Diecimila dipendenti pubblici in mobilità. È la pattuglia di dirigenti e impiegati delle amministrazioni centrali dello Stato che dovrà essere ricollocata una volta attuato il taglio previsto dalla manovra di Ferragosto (Dl 138), riduzione da effettuare entro il prossimo mese.
A differenza di quanto avvenuto con gli interventi di riorganizzazione e risparmio degli anni passati – rivelatisi fittizi, perché avevano inciso sugli organici, mentre le presenze effettive erano in realtà già assottigliate per effetto del blocco del turnover e della corsa ai pensionamenti – questa volta, dunque, si dovrebbe ricorrere alla mobilità.
Il condizionale è d’obbligo, perché si tratta ancora di stime, anche se elaborate tenendo appunto conto dei tagli virtuali del passato. Un quadro più dettagliato lo si avrà fra qualche settimana, quando il ministero della Pubblica amministrazione finirà di ricevere dalle amministrazioni interessate dall’operazione di riordino (ministeri, agenzie fiscali ed enti pubblici non economici) le risposte chieste con una circolare inviata a fine gennaio, con la quale si invitano i singoli enti a compilare una serie di prospetti in cui indicare gli organici e le presenze effettive a fine dicembre 2011, le riduzioni previste entro marzo e le eventuali eccedenze una volta applicati i tagli.

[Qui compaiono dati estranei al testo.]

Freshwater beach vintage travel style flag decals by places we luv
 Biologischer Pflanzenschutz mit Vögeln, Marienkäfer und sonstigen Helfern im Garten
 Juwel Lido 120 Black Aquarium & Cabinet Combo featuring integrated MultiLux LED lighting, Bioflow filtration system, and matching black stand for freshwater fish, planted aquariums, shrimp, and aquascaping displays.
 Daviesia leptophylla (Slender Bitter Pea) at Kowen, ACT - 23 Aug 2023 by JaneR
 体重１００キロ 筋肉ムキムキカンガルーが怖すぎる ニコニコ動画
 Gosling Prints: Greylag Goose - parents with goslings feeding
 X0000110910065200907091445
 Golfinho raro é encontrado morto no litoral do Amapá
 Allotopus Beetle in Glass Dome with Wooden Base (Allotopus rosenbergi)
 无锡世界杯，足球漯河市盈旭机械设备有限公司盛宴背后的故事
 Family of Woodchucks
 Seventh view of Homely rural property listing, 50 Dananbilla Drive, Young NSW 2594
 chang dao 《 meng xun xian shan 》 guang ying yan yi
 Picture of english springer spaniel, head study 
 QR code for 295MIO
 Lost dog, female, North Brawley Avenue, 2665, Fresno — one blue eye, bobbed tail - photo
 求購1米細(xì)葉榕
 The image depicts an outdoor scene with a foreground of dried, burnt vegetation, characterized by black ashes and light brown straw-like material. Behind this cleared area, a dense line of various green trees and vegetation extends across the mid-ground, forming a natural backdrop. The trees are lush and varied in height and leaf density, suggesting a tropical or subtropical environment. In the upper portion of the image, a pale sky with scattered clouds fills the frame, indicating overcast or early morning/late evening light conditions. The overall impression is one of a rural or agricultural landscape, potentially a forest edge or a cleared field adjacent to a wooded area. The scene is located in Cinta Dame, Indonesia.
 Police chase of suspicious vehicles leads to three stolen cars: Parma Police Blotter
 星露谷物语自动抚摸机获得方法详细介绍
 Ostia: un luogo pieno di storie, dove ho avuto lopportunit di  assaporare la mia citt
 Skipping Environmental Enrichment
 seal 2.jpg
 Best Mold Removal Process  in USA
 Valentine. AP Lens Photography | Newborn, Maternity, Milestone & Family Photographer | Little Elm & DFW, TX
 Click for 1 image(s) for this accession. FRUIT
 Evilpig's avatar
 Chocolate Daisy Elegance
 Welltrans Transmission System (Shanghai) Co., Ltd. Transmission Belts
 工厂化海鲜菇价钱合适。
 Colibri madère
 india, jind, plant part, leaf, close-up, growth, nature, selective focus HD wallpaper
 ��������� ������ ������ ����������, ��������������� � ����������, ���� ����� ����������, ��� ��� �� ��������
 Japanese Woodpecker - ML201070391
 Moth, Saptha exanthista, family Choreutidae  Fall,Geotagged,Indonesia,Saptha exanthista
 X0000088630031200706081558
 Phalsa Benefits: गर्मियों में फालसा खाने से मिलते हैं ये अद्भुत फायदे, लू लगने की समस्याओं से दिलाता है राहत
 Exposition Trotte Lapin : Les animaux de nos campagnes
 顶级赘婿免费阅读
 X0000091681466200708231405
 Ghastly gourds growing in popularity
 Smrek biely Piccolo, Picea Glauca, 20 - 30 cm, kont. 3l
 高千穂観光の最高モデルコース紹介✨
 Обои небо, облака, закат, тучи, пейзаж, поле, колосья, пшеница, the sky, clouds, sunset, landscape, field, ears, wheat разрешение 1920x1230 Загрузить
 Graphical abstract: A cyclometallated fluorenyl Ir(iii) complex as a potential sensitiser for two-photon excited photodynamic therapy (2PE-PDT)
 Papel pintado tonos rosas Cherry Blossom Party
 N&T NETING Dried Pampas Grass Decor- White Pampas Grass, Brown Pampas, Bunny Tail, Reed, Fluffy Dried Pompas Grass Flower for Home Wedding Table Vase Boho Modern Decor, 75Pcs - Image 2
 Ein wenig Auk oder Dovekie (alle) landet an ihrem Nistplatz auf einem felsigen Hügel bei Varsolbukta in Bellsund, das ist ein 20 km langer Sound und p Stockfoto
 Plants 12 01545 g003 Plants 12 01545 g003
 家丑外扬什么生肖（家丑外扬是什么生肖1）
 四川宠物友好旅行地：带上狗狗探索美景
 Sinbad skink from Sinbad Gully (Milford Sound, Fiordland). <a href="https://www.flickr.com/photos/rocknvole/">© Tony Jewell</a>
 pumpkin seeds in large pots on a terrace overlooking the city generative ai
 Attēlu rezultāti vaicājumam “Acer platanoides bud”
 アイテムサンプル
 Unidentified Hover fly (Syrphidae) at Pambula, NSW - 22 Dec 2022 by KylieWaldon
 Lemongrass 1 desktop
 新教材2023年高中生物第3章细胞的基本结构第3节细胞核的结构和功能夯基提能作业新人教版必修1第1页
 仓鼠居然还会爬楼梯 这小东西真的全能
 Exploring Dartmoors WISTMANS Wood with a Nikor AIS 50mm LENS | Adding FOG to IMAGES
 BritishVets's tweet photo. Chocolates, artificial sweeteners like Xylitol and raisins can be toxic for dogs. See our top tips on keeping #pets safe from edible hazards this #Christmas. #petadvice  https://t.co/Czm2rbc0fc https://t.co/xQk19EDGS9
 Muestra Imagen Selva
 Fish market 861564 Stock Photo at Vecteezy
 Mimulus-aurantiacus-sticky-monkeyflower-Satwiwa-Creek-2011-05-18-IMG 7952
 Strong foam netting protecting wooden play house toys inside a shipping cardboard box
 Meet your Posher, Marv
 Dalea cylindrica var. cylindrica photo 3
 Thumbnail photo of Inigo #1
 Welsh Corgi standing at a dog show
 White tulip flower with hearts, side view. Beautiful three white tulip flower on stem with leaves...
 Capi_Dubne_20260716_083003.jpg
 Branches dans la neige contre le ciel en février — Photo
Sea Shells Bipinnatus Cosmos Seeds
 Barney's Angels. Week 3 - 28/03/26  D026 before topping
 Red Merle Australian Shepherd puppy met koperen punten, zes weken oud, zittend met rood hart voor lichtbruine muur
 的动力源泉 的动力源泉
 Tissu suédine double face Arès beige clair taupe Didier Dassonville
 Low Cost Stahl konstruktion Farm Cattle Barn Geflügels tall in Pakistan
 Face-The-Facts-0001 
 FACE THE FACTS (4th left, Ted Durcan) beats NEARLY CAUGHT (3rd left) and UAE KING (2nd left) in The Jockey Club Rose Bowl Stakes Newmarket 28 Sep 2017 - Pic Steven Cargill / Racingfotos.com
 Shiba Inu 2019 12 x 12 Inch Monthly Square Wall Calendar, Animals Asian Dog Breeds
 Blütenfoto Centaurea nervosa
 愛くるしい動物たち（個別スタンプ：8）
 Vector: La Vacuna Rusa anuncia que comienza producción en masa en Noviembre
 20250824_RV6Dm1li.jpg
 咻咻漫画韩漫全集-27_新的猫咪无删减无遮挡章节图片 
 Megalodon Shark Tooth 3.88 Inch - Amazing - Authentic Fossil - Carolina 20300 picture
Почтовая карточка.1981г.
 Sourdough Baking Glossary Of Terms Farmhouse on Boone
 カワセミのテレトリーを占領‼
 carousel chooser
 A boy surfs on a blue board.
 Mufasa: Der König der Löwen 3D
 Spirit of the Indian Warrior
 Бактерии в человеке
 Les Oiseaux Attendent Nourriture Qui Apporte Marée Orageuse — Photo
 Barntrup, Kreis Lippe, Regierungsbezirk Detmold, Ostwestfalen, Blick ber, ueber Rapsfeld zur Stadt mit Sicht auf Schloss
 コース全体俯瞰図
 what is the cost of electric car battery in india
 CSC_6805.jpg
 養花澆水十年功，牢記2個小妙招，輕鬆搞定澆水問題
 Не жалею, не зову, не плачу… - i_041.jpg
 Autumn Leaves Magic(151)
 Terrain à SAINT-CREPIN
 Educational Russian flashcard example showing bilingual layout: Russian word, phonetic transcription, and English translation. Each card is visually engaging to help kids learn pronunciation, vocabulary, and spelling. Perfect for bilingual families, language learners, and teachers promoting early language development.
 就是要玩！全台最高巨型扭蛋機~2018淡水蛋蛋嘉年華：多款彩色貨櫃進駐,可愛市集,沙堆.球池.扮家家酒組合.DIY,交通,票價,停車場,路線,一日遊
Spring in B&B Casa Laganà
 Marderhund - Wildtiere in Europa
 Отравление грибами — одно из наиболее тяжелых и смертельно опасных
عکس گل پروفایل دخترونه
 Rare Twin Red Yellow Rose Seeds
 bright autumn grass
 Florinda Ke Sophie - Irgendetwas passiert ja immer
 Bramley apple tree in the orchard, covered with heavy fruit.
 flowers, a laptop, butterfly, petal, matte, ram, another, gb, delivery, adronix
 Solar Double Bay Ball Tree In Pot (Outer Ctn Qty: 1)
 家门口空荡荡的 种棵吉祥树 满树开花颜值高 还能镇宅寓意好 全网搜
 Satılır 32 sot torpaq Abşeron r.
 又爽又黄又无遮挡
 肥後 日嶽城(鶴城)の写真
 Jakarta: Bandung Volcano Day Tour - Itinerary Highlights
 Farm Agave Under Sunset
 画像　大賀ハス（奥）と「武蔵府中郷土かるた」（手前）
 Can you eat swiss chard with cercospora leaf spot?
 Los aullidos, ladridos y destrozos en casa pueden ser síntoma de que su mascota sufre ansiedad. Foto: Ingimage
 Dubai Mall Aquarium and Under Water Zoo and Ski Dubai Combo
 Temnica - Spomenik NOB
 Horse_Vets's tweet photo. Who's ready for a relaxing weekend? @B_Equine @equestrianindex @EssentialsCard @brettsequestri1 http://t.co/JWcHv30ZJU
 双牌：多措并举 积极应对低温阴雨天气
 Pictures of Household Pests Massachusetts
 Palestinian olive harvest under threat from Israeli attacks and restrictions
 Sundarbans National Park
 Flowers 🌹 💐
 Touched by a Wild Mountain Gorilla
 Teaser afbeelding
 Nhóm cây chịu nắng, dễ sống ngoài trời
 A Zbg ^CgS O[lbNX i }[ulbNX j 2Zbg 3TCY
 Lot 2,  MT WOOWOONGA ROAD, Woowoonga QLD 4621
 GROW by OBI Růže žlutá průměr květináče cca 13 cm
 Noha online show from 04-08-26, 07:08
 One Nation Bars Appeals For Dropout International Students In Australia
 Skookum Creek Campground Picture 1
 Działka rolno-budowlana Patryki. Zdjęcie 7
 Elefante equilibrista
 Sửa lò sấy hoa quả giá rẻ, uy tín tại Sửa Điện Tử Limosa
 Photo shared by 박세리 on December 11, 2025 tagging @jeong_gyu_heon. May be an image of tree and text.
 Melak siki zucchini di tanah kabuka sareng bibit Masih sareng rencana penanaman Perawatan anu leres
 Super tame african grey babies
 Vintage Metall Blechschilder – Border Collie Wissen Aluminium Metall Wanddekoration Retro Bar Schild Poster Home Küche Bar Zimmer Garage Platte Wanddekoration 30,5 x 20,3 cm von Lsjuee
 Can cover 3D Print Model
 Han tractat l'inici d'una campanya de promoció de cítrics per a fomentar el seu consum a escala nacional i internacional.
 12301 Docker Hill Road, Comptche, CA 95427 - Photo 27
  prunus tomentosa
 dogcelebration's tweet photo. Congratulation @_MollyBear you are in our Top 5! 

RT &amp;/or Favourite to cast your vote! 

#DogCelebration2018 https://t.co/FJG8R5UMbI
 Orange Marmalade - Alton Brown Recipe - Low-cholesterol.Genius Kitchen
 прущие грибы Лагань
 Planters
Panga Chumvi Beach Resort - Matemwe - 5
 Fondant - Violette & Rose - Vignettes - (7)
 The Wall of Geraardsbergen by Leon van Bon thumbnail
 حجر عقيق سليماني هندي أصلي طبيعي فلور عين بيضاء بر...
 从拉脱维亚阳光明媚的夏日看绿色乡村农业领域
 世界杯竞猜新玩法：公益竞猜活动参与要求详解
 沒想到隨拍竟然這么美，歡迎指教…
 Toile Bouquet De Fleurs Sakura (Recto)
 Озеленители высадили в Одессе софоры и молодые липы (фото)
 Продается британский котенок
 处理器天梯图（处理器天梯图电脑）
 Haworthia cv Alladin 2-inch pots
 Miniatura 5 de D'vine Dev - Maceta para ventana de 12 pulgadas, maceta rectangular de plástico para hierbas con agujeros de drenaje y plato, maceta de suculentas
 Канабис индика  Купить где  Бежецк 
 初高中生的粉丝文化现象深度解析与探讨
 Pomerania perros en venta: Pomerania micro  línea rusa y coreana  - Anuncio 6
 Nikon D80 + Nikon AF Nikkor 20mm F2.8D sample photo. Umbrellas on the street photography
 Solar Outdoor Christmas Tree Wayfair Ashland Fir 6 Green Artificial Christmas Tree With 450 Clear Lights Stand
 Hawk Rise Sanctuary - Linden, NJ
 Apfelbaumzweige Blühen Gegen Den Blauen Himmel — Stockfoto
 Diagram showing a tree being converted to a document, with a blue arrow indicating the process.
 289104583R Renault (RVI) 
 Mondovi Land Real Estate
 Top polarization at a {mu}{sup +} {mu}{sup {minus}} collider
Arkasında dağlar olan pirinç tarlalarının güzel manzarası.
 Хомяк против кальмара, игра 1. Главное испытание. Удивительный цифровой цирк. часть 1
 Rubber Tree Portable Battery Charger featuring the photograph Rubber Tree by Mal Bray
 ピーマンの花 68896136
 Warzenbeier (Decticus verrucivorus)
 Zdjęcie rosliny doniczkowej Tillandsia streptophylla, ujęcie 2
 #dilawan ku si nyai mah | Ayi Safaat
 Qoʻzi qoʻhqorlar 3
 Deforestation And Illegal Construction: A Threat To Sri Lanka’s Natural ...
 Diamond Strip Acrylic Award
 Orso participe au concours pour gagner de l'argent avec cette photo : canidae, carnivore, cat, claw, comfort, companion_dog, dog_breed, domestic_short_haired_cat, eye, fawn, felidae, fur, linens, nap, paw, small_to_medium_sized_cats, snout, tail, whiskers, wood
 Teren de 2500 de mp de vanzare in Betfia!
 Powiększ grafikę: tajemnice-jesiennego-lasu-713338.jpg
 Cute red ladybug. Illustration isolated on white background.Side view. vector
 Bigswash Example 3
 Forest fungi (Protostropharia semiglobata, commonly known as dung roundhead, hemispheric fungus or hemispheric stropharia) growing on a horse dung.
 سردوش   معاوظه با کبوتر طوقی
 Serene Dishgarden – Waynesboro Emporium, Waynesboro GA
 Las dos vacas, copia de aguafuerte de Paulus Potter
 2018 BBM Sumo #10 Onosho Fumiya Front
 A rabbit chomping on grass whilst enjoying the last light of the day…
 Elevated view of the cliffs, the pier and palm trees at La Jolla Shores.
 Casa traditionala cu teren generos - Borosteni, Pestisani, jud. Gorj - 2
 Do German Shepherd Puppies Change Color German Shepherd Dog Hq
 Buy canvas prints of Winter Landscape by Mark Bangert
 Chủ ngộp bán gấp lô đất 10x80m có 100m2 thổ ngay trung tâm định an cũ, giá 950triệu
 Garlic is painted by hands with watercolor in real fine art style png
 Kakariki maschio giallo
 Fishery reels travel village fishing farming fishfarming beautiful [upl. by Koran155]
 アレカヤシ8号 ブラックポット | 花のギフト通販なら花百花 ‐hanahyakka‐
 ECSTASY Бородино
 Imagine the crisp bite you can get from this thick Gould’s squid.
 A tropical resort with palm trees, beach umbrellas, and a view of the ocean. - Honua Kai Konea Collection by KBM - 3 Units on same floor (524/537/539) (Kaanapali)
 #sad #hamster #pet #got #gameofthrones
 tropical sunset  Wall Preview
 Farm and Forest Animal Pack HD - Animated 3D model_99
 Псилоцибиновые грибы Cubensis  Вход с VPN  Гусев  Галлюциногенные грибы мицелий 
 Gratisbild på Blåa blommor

In quest’ultimo caso, raccomanda Palazzo Vidoni, si dovranno attivare le procedure di mobilità previste dall’articolo 33 della legge 165/2001, ovvero ricollocazione del personale in esubero nell’ambito della stessa amministrazione (anche applicando l’istituto della solidarietà o facendo ricorso a forme flessibili dei tempi di lavoro) o in altre amministrazioni. Se questa strada dovesse rivelarsi preclusa, si potrà impiegare il personale in eccedenza nell’ambito della stessa regione o spostarlo in altre regioni.
Diecimila dipendenti si ritroveranno, dunque, alle prese con la mobilità. Faranno da battistrada per quella che si preannuncia come una riorganizzazione più incisiva in conseguenza delle politiche di spending review che il Governo Monti vuole applicare e che per ora si stanno provando in via sperimentale in alcuni ministeri, tra cui quello della Difesa e dell’Interno, dove si stanno già studiando misure per razionalizzare le spese e accorpare uffici e strutture: ipotesi che a una prima stima potrebbero produrre circa 100 milioni di euro di risparmi. In generale, tuttavia, per avviare tra gli uffici pubblici la mobilità indotta dalla revisione della spesa si dovrà aspettare ancora un po’.
A confermare la possibilità che invece, di qui a un mese, si debba affrontare il problema delle eccedenze di personale è Vincenzo Di Biasi, coordinatore dipartimento sindacale Funzione pubblica-Cgil. «Negli ultimi tre anni si sono succeduti già due tagli alle piante organiche delle amministrazioni centrali – afferma –, ma il terzo potrebbe iniziare a incidere sul personale in servizio. Il divario tra gli organici teorici e i dipendenti in servizio, infatti, dovrebbe ormai aggirarsi tra il 5 e il 7 per cento. Situazione aggravata anche dall’allungamento dei termini per andare in pensione. Dunque, l’ulteriore sforbiciata del 10% prevista dalla manovra di Ferragosto potrebbe, questa volta, davvero creare un’eccedenza di personale, dando il via alla mobilità».
Un problema confermato, nella sostanza, anche da Giovanni Torluccio, segretario generale della Uil-Fpl: «A questo punto è davvero probabile che si faccia ricorso alla mobilità. Anche se per applicarla sarà necessario stilare un quadro preciso di tutte le amministrazioni, che oggi esiste solo in parte. I dati sugli effettivi delle diverse amministrazioni arrivano con anni di ritardo e oggi sappiamo solo in misura parziale qual è la situazione. Inoltre, potrebbe essere opportuna la scelta di rafforzare alcune amministrazioni, come le agenzie fiscali».